Adults :: Long term neurological conditions :: Summary

A long term neurological condition (LTNC) results from disease of, injury or damage to the body's nervous system. Many LTNCs severely affect quality of life and cause lifelong disability, with a range of co-morbidities that affect patients, carers and family members. This places a considerable burden on the health and social care sector.

LTNCs affect individuals, families and carers in many different ways, physically, psychologically and socially. Many LTNCs severely affect quality of life and cause lifelong disability. People can experience a range of co-morbidities such as depression and anxiety, physical or motor problems, sensory problems, cognitive/behavioural problems, and communication problems.[1][2][3]

Exclusions and relevance to existing work

• Migraine is the most common neurological complaint. Its management has been addressed by the outpatient improvement programme at Medway Foundation Trust (MFT) so it has not been considered in detail in this work.
• Acquired brain injury (ABI) has not been considered in detail, nor has stroke been included, on the advice of the CCG.
• Specialist in-patient neuro–rehab has been a CCG focus since 2012, centred mainly on facilities and number of in-patient beds required for this function. For this reason it has not been considered in detail here.

Key issues and gaps

• Specialist nurses and multi–disciplinary teams — Specialist nurses (SN) are felt to be important in ensuring continuity of care. There is a lack of consistency nationally in the provision of SN support and the way in which services are designed around them. NICE recommends that every patient with epilepsy should have access to an ESN. There is only one ESN clinic a week in Medway at present.
• Transition — Managing child to adult transition is an issue for both health and social care services. Transition is common for conditions such as epilepsy, which affects both children and adults, and increasingly for conditions such as Duchenne Muscular Dystrophy (DMD), for which medical advances have meant that more children are surviving into adulthood.
• Palliative care — specialist palliative care services are needed for patients with advanced Parkinson's disease and the rapidly progressive 'Parkinson-Plus' syndromes (MSA and PSP).
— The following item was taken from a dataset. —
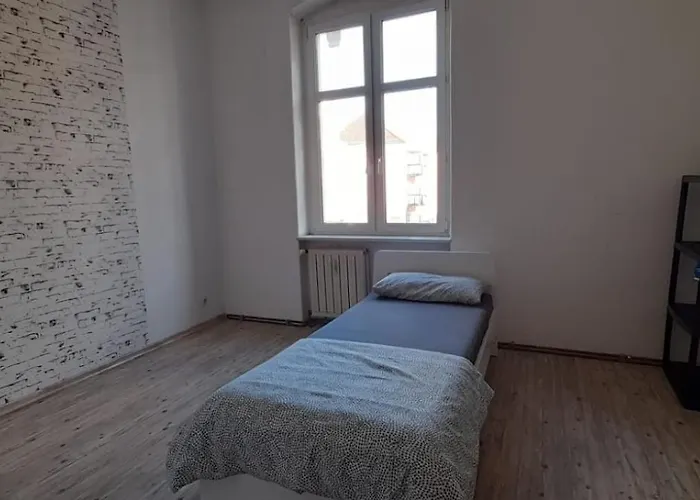 Beautiful For 5-7 Guests * Zeitz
Their needs are similar in nature and severity to people with terminal cancer yet much of the burden of care of this group tends to fall on informal care givers. Motor Neurone Disease is such that serious patient episodes often occur outside of normal GP practice hours, and where out of hours services are unable to provide an acceptable level of care, the result is unnecessary and expensive hospital admissions, underlining the importance of appropriate specialist palliative care.

Recommendations for commissioning

• Develop a strategy for neurology that is jointly owned and developed by health services, social care and relevant third sector organisations
• Improve community neuro–rehab to meet the on-going needs of people with LTNCs
• Improve management of epilepsy through provision of epilepsy specialist nurse(s)
• Provide appropriate emotional and psychological support to people with LTNCs
• Establish arrangements for secure on-going provision of palliative and pre-palliative care


[1]   Shather Z. Commissioning Neurology Services in Richmond 2013; Unpublished.
[2]   Pittam G, Haywood D. Health Needs Assessment for long term neurological conditions. A report for Oxfordshire PCT 2010; Oxfordshire PCT. .
[3]   Department of Health. National Service Framework for Long Term Conditions 2005; Department of Health. .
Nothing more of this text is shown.